• [About this task] Would you print only the lines running from the one with "Used Kia Stonic" to the final line of the data below, word for word and without pictures?

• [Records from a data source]

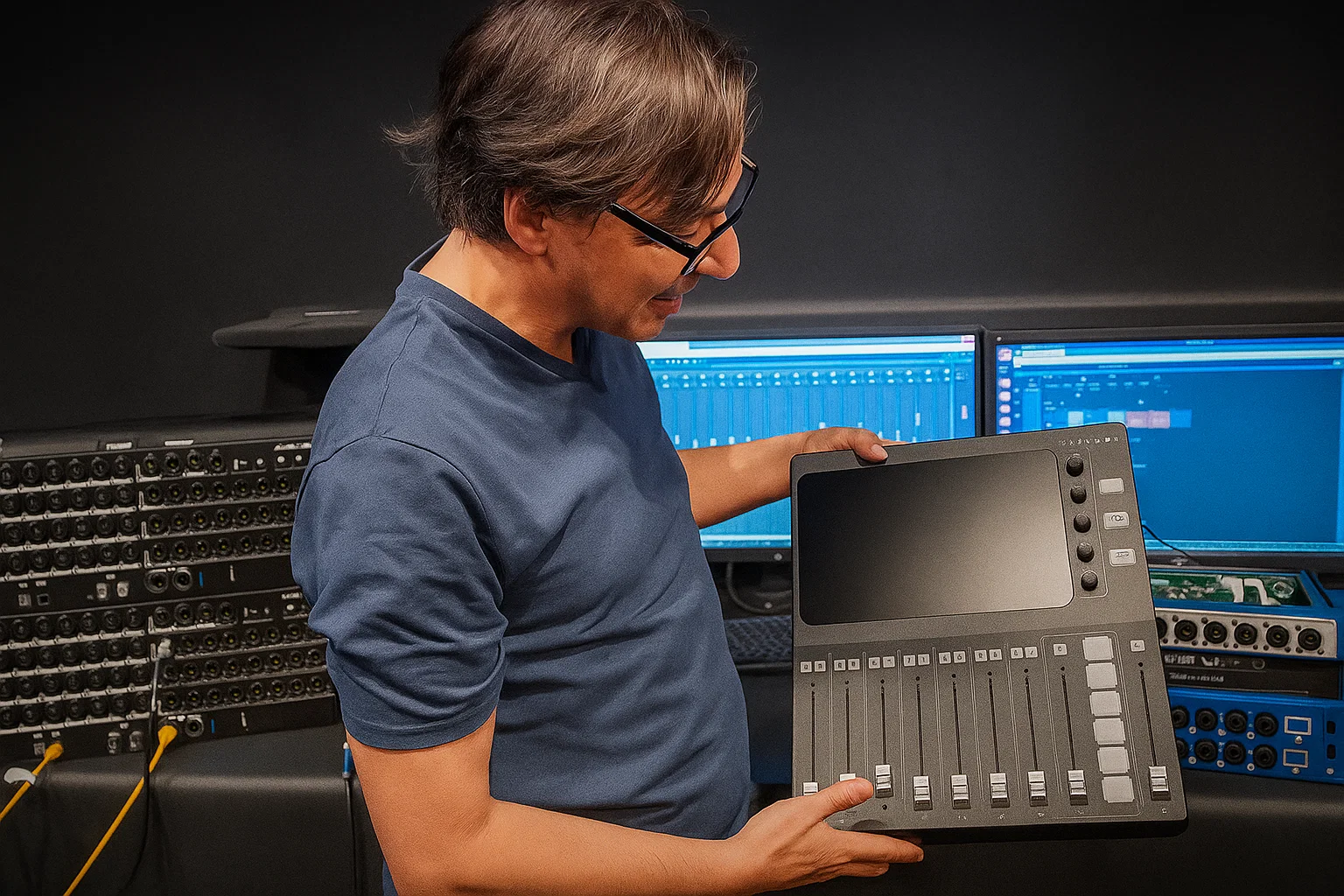 Violet Audio - Violet Audio - Professional Audio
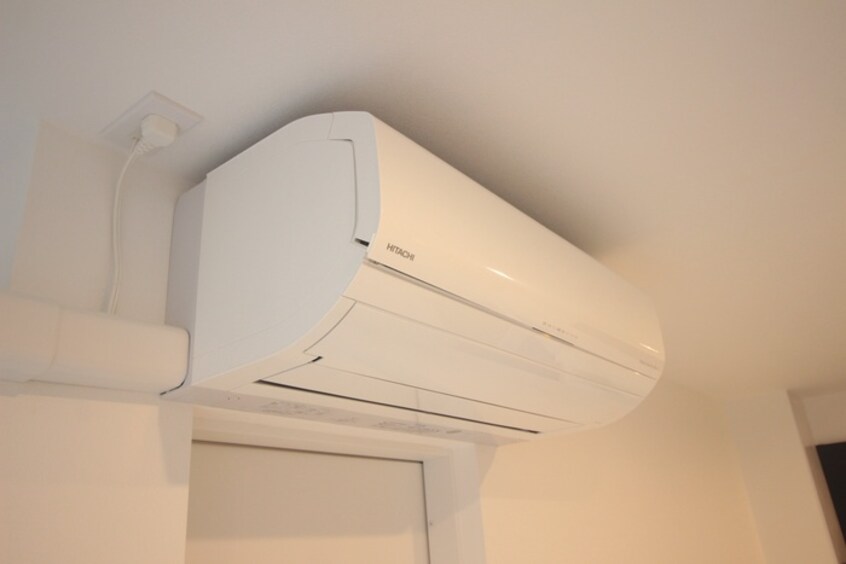 内観写真 Jack biwajimaⅢ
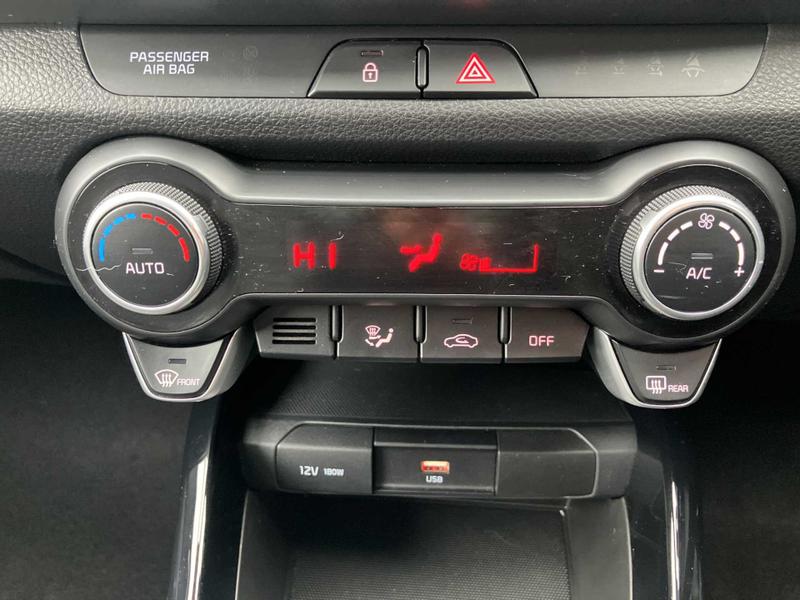 Used Kia Stonic 2024 for sale - 76216564: Photo 36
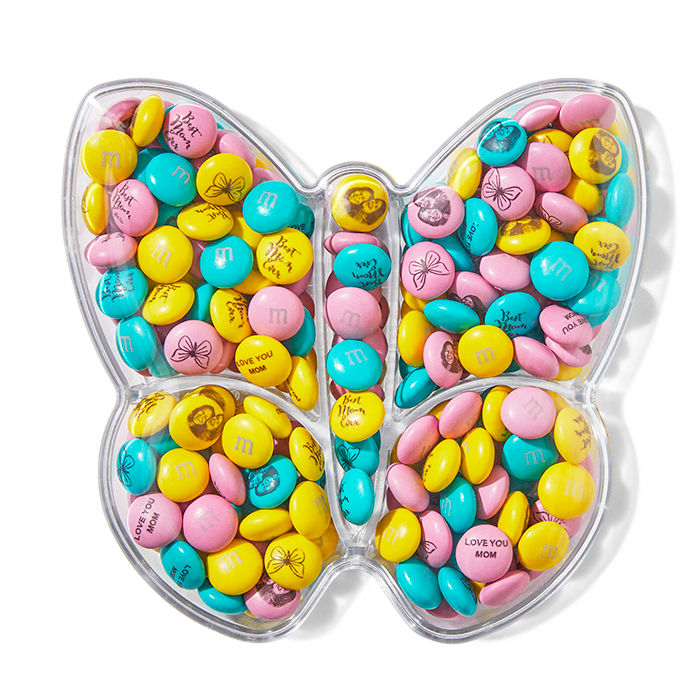 butterfly gift box 0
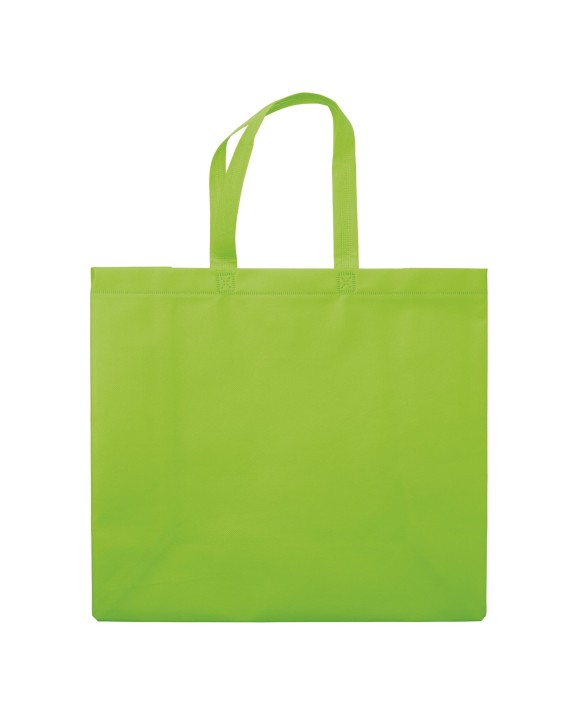 Sac & bagagerie personnalisable 4DO Sac non-tissé laminé grand 105g/m²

• [Reply to the task]
 Used Kia Stonic 2024 for sale - 76216564: Photo 36
 butterfly gift box 0
 Sac & bagagerie personnalisable 4DO Sac non-tissé laminé grand 105g/m²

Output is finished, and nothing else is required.